Masyarakat Tanjung Gunung dibantu belajar bertani organik, menanam jabon, berternak ikan dan merehabilitasi kawasan mangrove.
Selain di Tanjung Gunung, fasilitator TNGP juga bekerja di Desa Batu Barat, Desa Matan Jaya, Dusun Melinsum, Desa Riam Berasap, dan Desa Sempurna.
Dadang Wardhana, kepala Balai Taman Nasional Gunung Palong mengatakan, 29 petugas TNGP telah mengikuti pelatihan fasilitasi masyarakat yang dibagi menjadi dua angkatan.
"Tiap angkatan pelatihan mengikuti 4 seri pelatihan: pertemanan, arumonosagashi (berangkat dari apa yang ada), Falcon (Facilitative Listening in Conservation) dan rencana aksi bersama masyarakat," jelasnya.
Pelatihan angkatan pertama diselenggarakan mulai September 2013 sampai Oktober 2014. Pelatihan angkatan kedua dilakukan mulai Agustus 2014 sampai Juni 2015. Pada pelatihan angkatan kedua, selain 12 petugas TNGP yang menjadi peserta, 2 staf Pemerintah Kabupaten Ketapang, 2 staf Pemerintah Kabupaten Kayong Utara dan 15 perwakilan masyarakat juga turut menjadi peserta.
Shigeru menambahkan pelatihan fasilitasi berprinsip: Jika saya dengar, maka saya lupa; Jika saya lihat, maka saya ingat; Jika saya lakukan, maka saya paham; Jika saya temukan, maka saya gunakan. Oleh karenanya, setiap peserta berkewajiban melakukan praktek sebelum mengikuti seri pelatihan selanjutnya.
Pelatihan Fasilitasi Masyarakat di TNGP merupakan bagian dari IJ-REDD+ Project, Indonesia-Japan Project for Development of REDD+ Implementation Mechanism, proyek kerjasama antara Kementerian Lingkungan Hidup dan Kehutanan dengan JICA (Japan International Cooperation Agency). Fasilitator pelatihan berasal dari iiNetwork, sebuah organisasi nirlaba dari Jepang yang berpengalaman melakukan fasilitasi masyarakat di Taman Nasional Bali Barat sejak 2008.

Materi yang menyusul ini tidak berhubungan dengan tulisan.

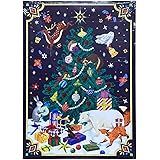 KALDI チョコカレンダー 森のクリスマス アドベントカレンダー クリスマス カルディ お菓子 2023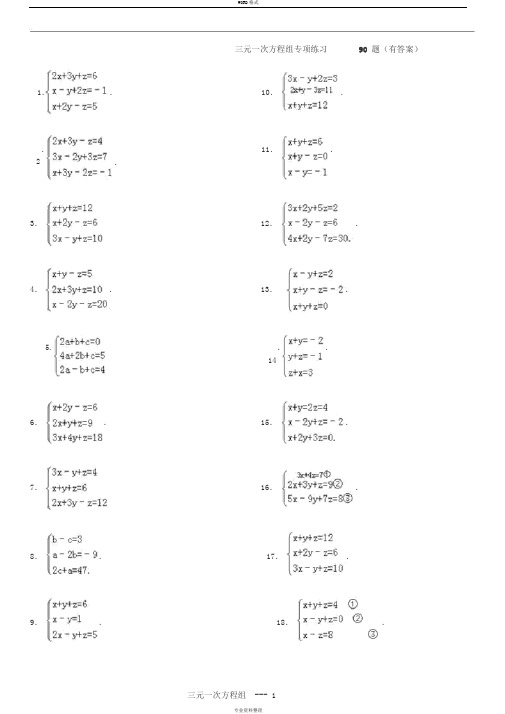 三元一次方程组计算练习90道(答案)
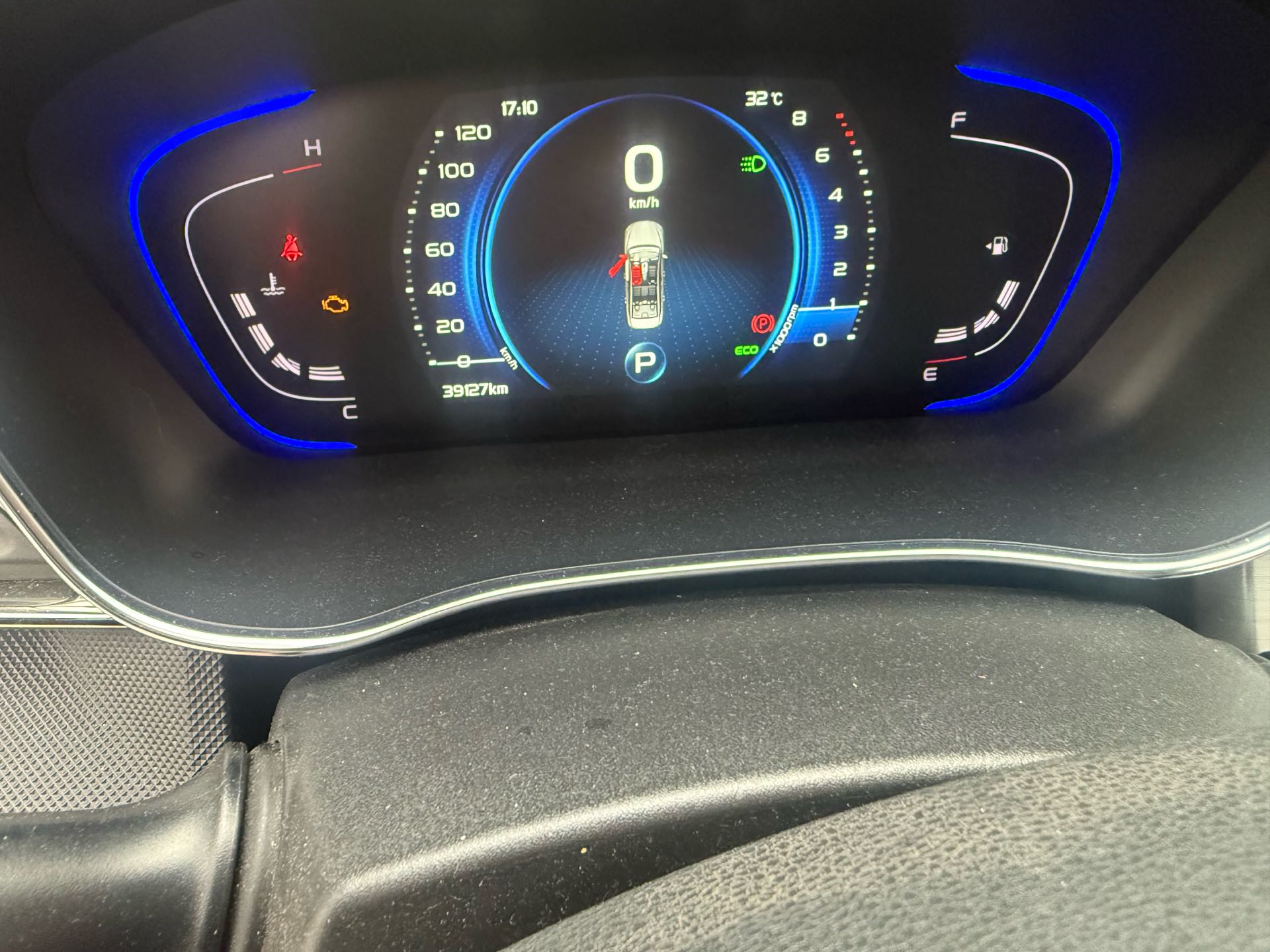 GEELY Binray 2019 car image #2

Pengalaman fasilitasi masyarakat tersebut dibagikan kepada parapihak TNGP, dari Pemerintah Daerah Kabupaten Ketapang dan Kayong Utara, LSM hingga kalangan swasta dalam “Seminar Fasilitasi Masyarakat di Sekitar TNGP” pada tanggal 3 Juni 2015 di Borneo Emerald Hotel, Ketapang.
Seminar ini bertujuan membagikan pengalaman agar pembelajaran proses fasilitasi masyarakat yang telah dilakukan dapat digunakan dan mendapatkan pengayaan, sehingga penerapannya dapat berkelanjutan menuju masyarakat yang makmur dan hutan yang lestari.